Posted: 25 April 2019

This week the RRS James Cook set sail to embark on a world-first experiment to develop methods for detecting and monitoring leaks of carbon dioxide (CO2) from sub-seabed reservoirs, however unlikely they are to occur.

This forms part of the internationally collaborative STEMM-CCS project, led by the NOC. The team will drill into the bed of the North Sea, where scientists will simulate a CO2 leak to test an array of sensors designed to detect even small leaks. This will be the first such experiment to take place at depth above a site proposed for carbon capture and storage, the Goldeneye site.

Professor Douglas Connelly, the NOC scientist leading the project, said “Many months of hard work and innovative thinking have brought us to this exciting point in the STEMM-CCS project. This experiment is as near to a real leak as we can get and is the first time, anywhere in the world, it has been attempted. The North Sea can be a harsh environment and getting the pipe into the seabed, connected to a CO2 supply and producing a stream of gas is going to be no mean feat, but is essential if we are to test the sensors that have been developed to give peace of mind in the future, that if a leak should occur, we can detect it quickly and precisely.”

Climate change, driven by increasing carbon dioxide levels in the atmosphere, is now a well-established phenomenon that is having profound effects on the Earth’s natural systems.
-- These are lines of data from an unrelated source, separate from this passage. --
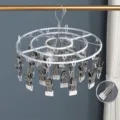Stainless steel laundry drying rack with clips round sock hanger for balcony use. - Circular 24 Clips / Quiet Grey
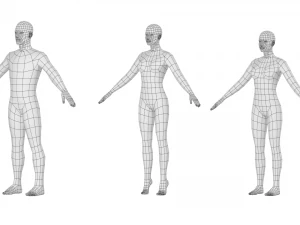 Maschio e femmina naturali in maglia di base A-Pose Modello 3D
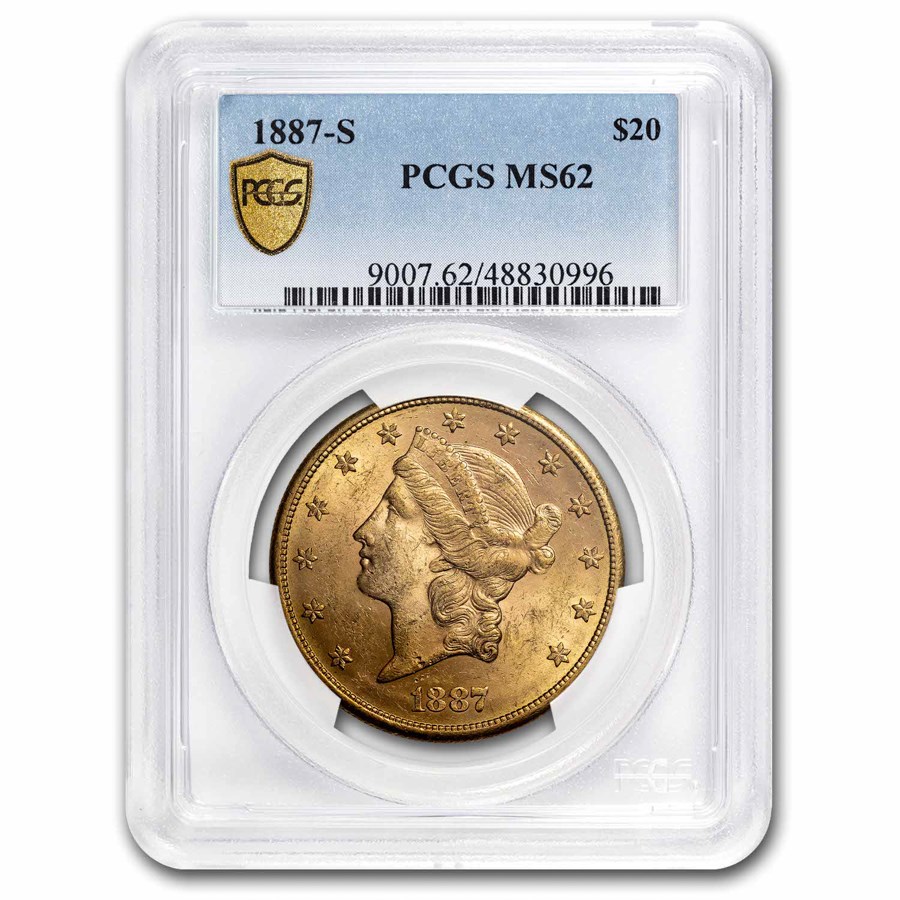 1887-S $20 Liberty Gold Double Eagle MS-62 PCGS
While efforts are being made to reduce sources of human-related CO2 production, such as from industry and transport, there is a parallel need to prevent CO2 emissions from entering the atmosphere. One such strategy is carbon dioxide capture and storage (CCS), whereby CO2 is contained at source, transported and ultimately stored away from the atmosphere. Researchers and industry are investigating depleted, or near-depleted, oil and gas reservoirs as suitable storage sites for this anthropogenic CO2.

Putting the CO2 back into some of the reservoirs from whence it came as hydrocarbons seems a logical solution, but there are challenges. One of these is ensuring that once stored deep underground beneath the seabed, the gas remains locked away. To generate confidence in this approach a priority is to be able to detect any leak, should it occur, to measure its strength and duration and predict any effects it may have.

The Strategies for Environmental Monitoring of Marine Carbon Capture and Storage (STEMM-CCS) project is an EU Horizons 2020-funded project charged with doing exactly that. The project brings together researchers from Germany, Norway, Austria and the UK, and industry partner Shell, to develop the techniques and technology to pick up traces of any gas release if it occurs, to observe how the gas behaves in sediments and the water column above, and predict how far it may spread and what impacts this might have.

In a world-first experiment, a pipe is being inserted into the seabed 120 metres down in the open sea. The curved steel pipe will be positioned so that its exit will be two-three metres beneath the seabed surface. Sounds simple, but in order to achieve this, a special drill rig has had to be developed and built by Cellula Robotics. Once in place, the pipe will be connected by a remotely operated vehicle (ROV) to a CO2 supply on the seabed, allowing gas to flow through the pipe into the sediments. Again, this sounds simple but specially designed gas cylinders, housed in a second rig, had to be designed to withstand the rigours of the salt-water environment. The CO2 is expected to eventually bubble out at the seafloor, so surrounding the escape point on the seafloor will be a range of sensors. Acoustic and visual instruments aim to detect the sound made by streams of bubbles or to spot them with cameras, while chemical sensors aim to ‘sniff out’ the CO2 and the minute amounts of chemical tracers it contains, which will enable scientists to differentiate this signal from any naturally occurring CO2. ROVs and autonomous underwater vehicles (AUVs) bearing other sensors, complete the arsenal of technology being deployed.

While the two-week controlled release of CO2 takes place, samples from around the simulated ‘leak’ will be taken to establish how gas passing through sediment behaves and affects the sediment and the life it contains. The ultimate aim of the experiment and the STEMM-CCS project as a whole is to develop sensors and methods for detecting and monitoring gas seepage in a real-world situation.